EXERCISE MATERIAL START
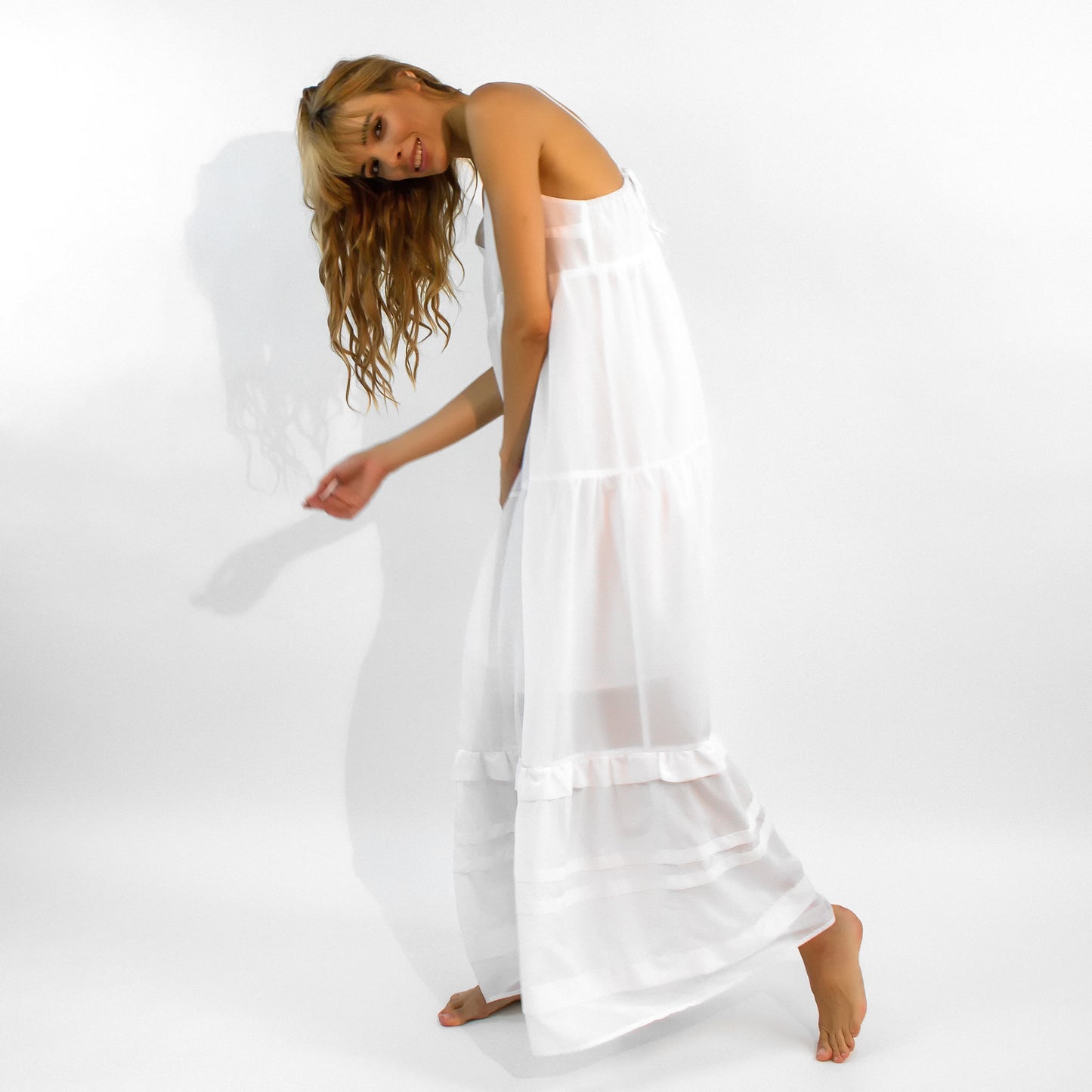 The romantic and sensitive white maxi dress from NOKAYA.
EXERCISE MATERIAL END
EXERCISE MATERIAL START
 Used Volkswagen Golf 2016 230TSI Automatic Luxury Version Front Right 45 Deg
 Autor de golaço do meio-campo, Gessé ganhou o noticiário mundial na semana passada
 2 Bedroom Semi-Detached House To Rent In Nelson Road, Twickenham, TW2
EXERCISE MATERIAL END
▶ **TASK GOAL**
Will you return exactly the lines above from the one with "Autor de golaço" down to the one with "2 Bedroom Semi-Detached", counting both as part of the range?

▶ **ANSWER BOX**
 Autor de golaço do meio-campo, Gessé ganhou o noticiário mundial na semana passada
 2 Bedroom Semi-Detached House To Rent In Nelson Road, Twickenham, TW2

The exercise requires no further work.